Innovative New Courses on Hamilton at Northwestern

“Courses coming on Hamilton, the man and the musical” at Northwestern University

Hilary Hurd Anyaso writes for Northwestern.

EVANSTON – “Hamilton: An American Musical,” smashing through traditional theater boundaries with its must-see contemporary telling of a history lesson about an unlikely founding father, is the subject of two new Northwestern University courses that will begin in winter quarter.

The Northwestern professors who created and will be involved in the teaching of the two courses hope students will not “throw away their shot” to learn about the life and times of Alexander Hamilton and the groundbreaking hip hop-inspired musical.

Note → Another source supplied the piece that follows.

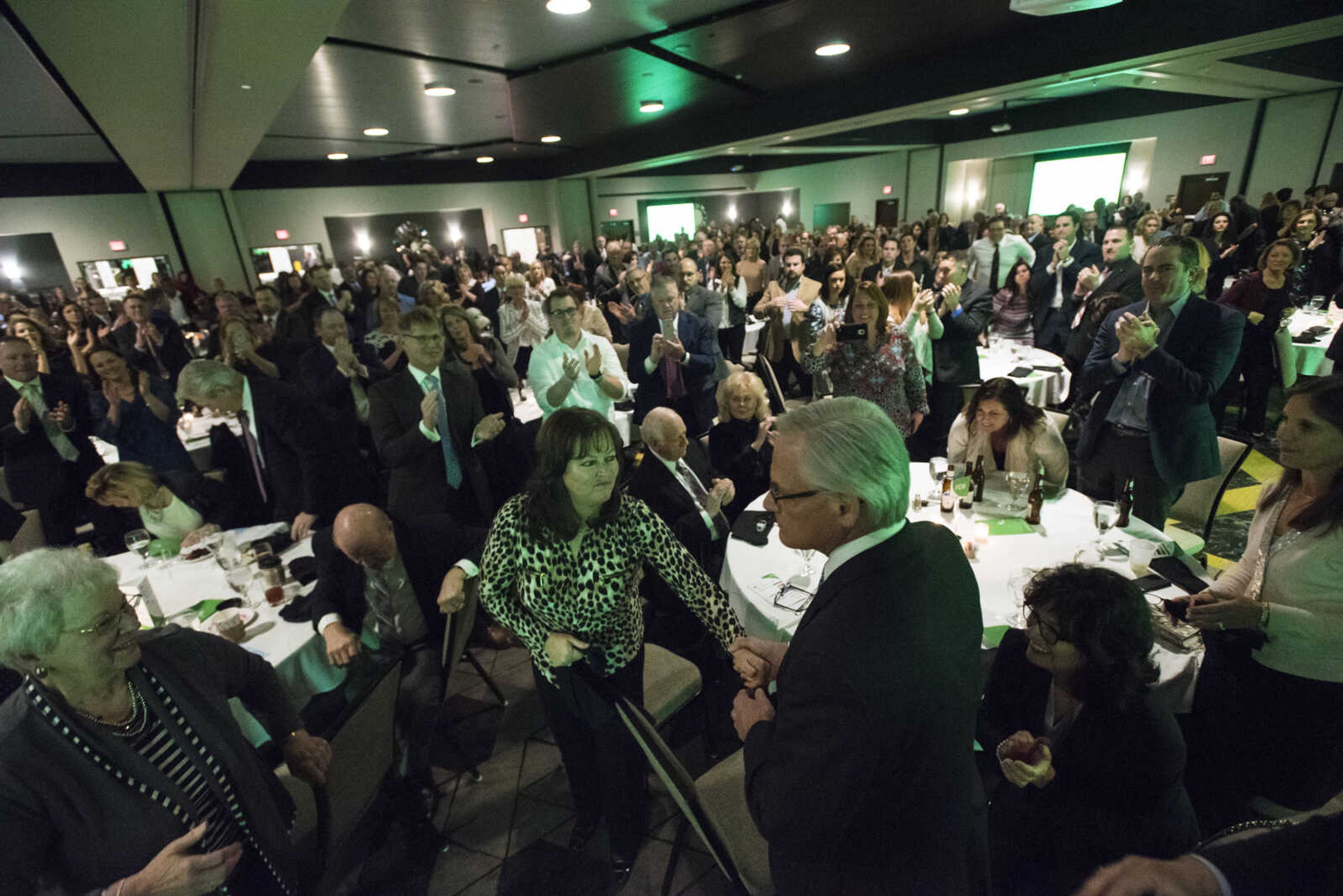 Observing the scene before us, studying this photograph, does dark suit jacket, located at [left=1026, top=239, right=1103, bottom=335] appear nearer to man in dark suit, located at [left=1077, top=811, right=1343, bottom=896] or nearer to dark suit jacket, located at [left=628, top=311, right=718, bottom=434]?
dark suit jacket, located at [left=628, top=311, right=718, bottom=434]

“Hamilton’s America” will be taught by history professors Geraldo Cadava and Caitlin Fitz, who will explore Hamilton the man as well as “Hamilton” the musical, attempting to account for its extraordinary contemporary resonance.

“Why has this past person’s life inspired such interest today, in a nation that looks so different from the one that Hamilton and his enemies knew?” asked Cadava, associate professor of history in the Weinberg College of Arts and Sciences. “But the important point isn’t about Hamilton himself, but about the power of history to shape and reshape the world we live in today.”

“Hamilton: Bullets, Banks, and Broadway,” an interdisciplinary course, will be taught by legal studies professors Laura Beth Nielsen and Joanna Grisinger, with the help of faculty from theatre, African American Studies, communication, political science, School of Education and Social Policy, English and history.

“I want to use this as a moment to showcase some of the extraordinary faculty on the Evanston campus,” said Nielsen, director of the Legal Studies program and professor of sociology in Weinberg.

“Students, for example, who otherwise might not have taken a class from Harvey Young [theatre] or David Figlio [School of Education and Social Policy] or Caitlin Fitz [history], will have the opportunity to see not just how their different disciplines approach the task of decoding ‘Hamilton,’ but also how other professors actually do that in the classroom.”